_Task instructions_
Take the line that contains "Femme comparant l'odeur" and each line after it to the end of the data below, and set them down exactly, omitting pictures.

(Captioned web images)
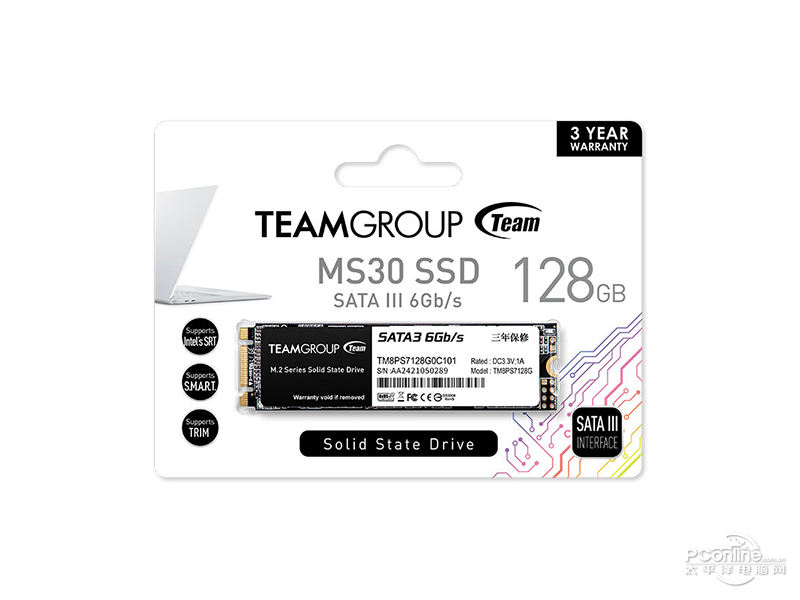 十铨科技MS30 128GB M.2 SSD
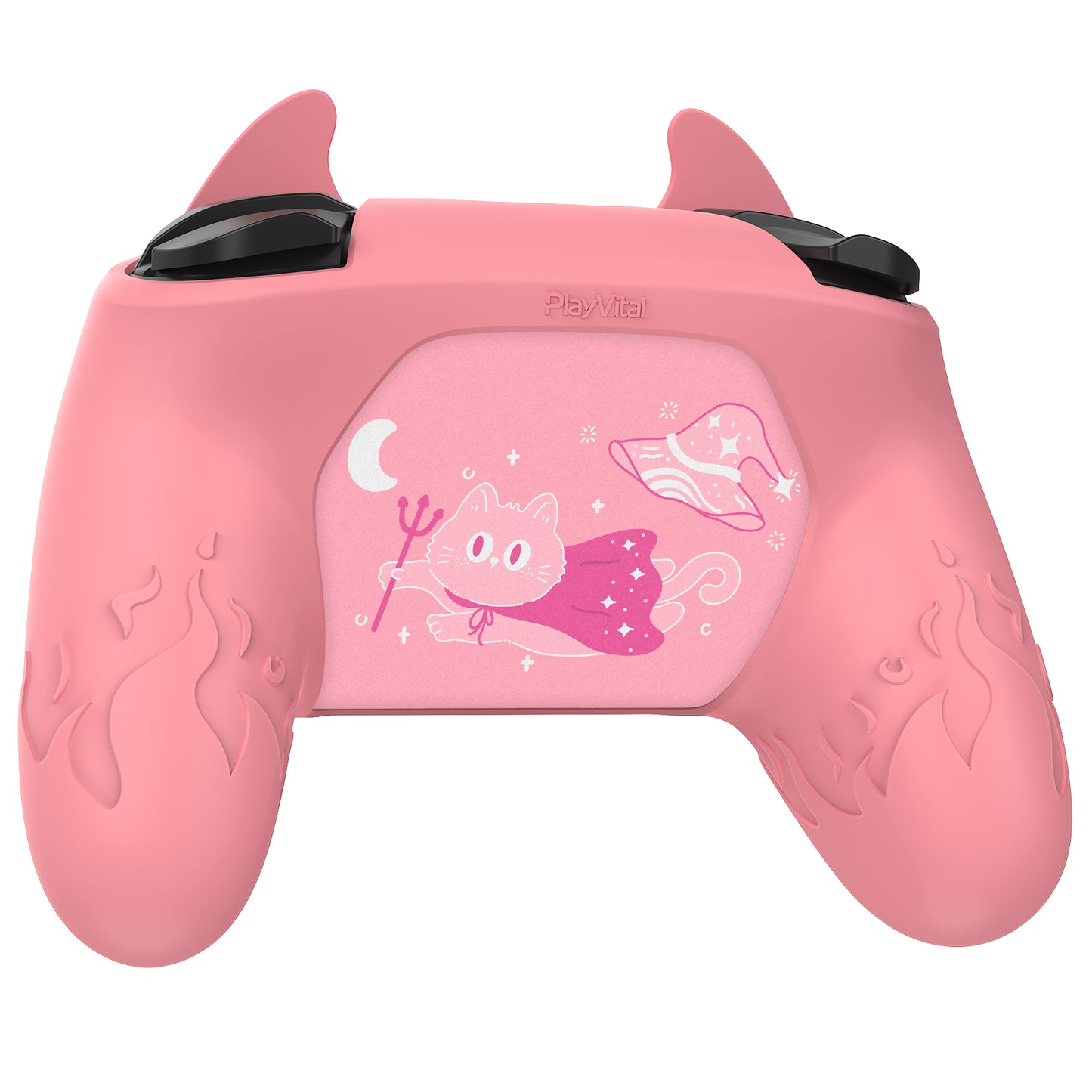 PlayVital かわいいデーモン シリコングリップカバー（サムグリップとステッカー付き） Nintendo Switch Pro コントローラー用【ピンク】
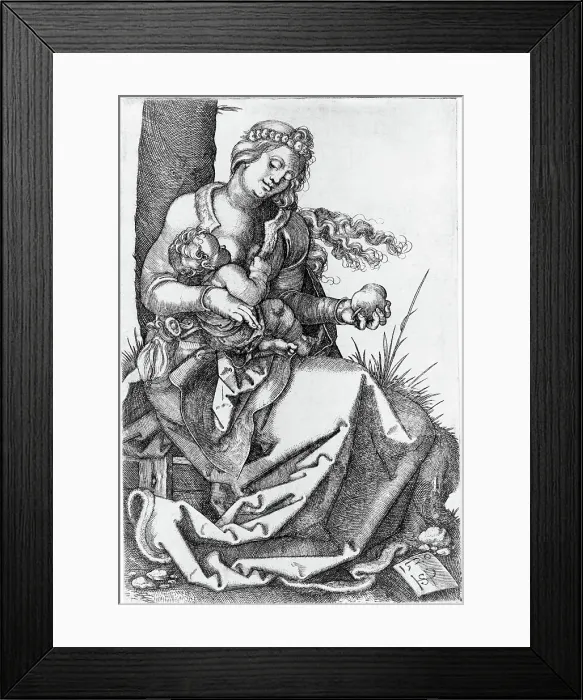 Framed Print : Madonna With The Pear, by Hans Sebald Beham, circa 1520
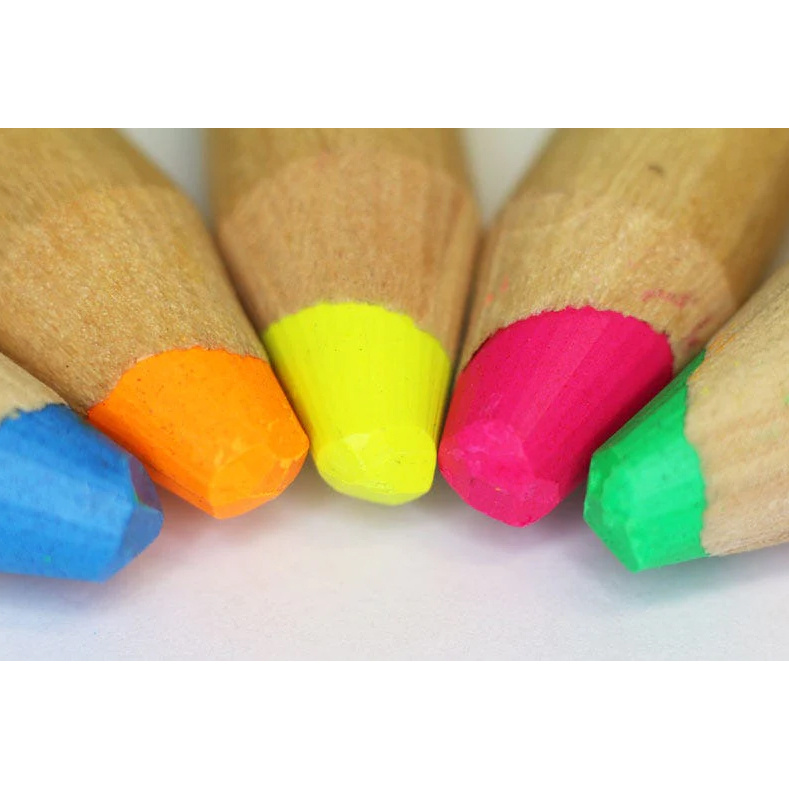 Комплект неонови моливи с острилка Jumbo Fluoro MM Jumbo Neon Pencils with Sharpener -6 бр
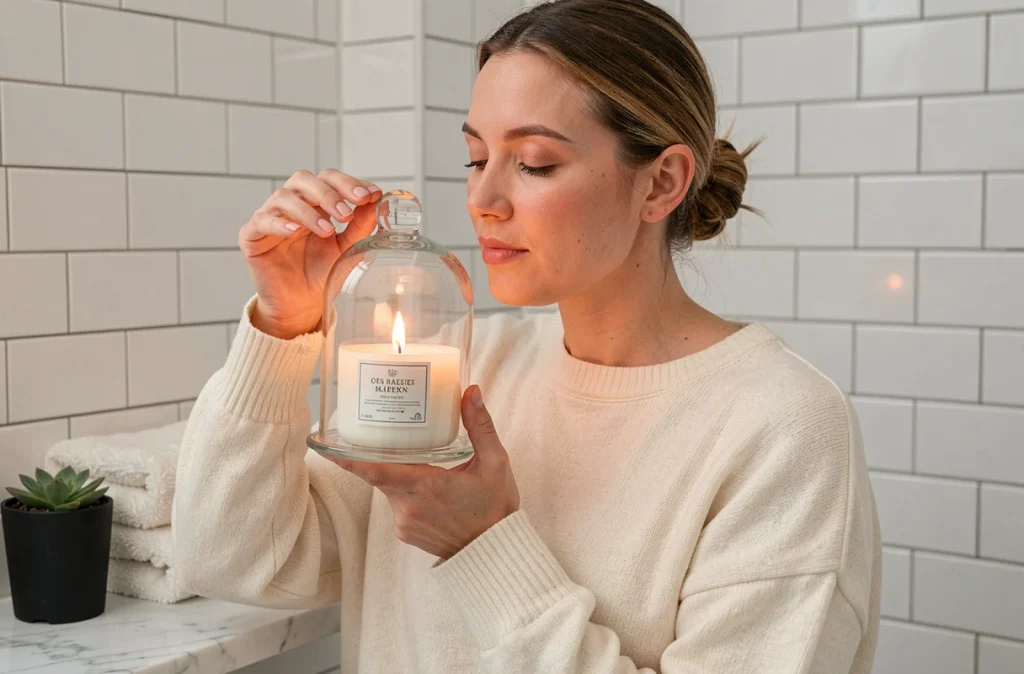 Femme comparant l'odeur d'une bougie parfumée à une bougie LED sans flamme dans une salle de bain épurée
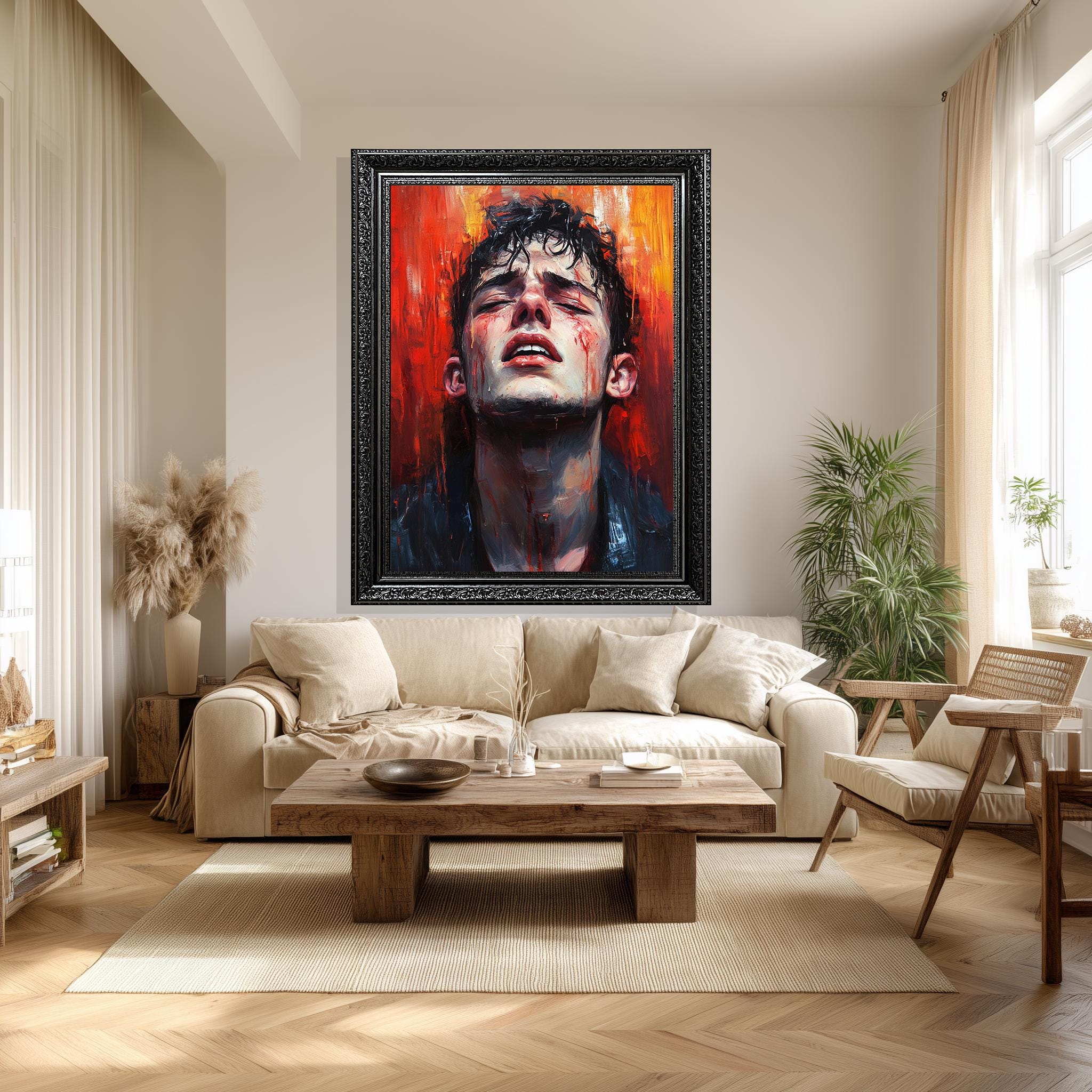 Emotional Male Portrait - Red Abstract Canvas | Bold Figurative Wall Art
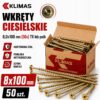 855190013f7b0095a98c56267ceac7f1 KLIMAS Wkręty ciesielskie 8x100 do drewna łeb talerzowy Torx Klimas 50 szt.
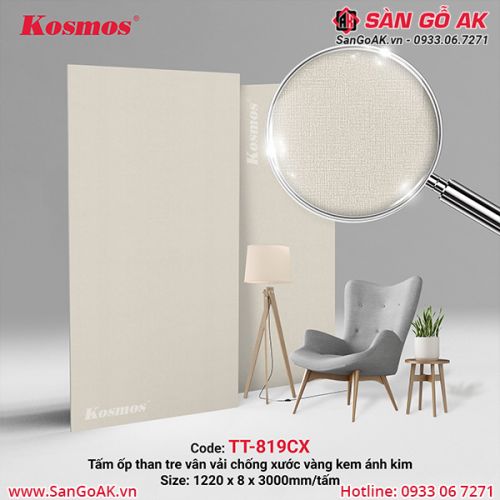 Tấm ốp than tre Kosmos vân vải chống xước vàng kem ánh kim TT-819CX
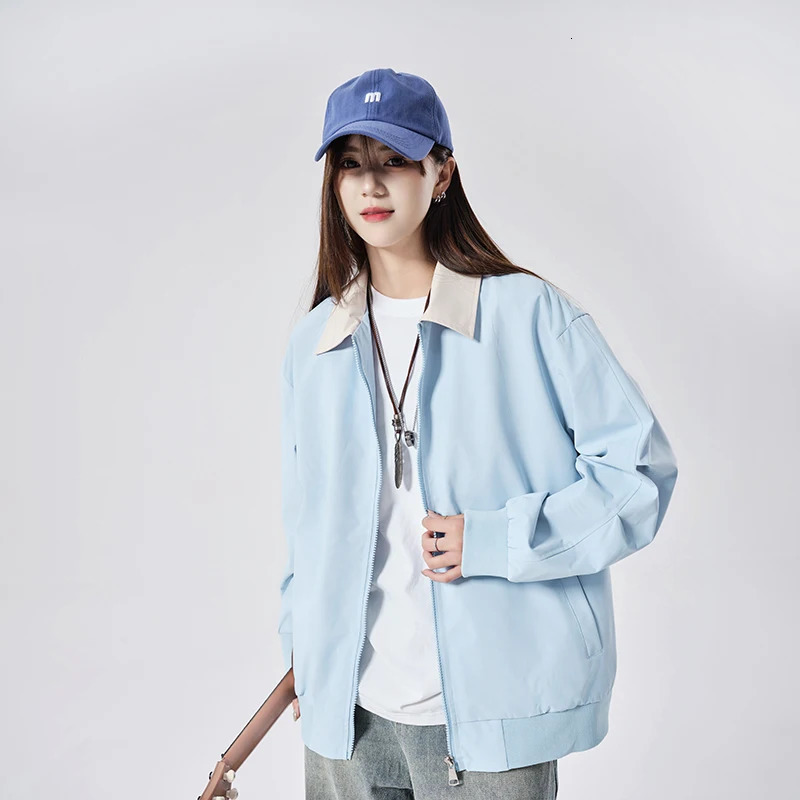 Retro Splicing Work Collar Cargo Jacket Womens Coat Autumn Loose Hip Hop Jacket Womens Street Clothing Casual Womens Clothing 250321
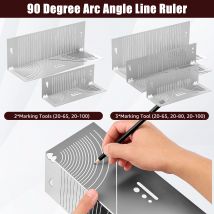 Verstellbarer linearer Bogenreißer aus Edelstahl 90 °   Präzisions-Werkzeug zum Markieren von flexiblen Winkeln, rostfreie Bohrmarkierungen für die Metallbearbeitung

_Exercise response_
 Femme comparant l'odeur d'une bougie parfumée à une bougie LED sans flamme dans une salle de bain épurée
 Emotional Male Portrait - Red Abstract Canvas | Bold Figurative Wall Art
 855190013f7b0095a98c56267ceac7f1 KLIMAS Wkręty ciesielskie 8x100 do drewna łeb talerzowy Torx Klimas 50 szt.
 Tấm ốp than tre Kosmos vân vải chống xước vàng kem ánh kim TT-819CX
 Retro Splicing Work Collar Cargo Jacket Womens Coat Autumn Loose Hip Hop Jacket Womens Street Clothing Casual Womens Clothing 250321
 Verstellbarer linearer Bogenreißer aus Edelstahl 90 °   Präzisions-Werkzeug zum Markieren von flexiblen Winkeln, rostfreie Bohrmarkierungen für die Metallbearbeitung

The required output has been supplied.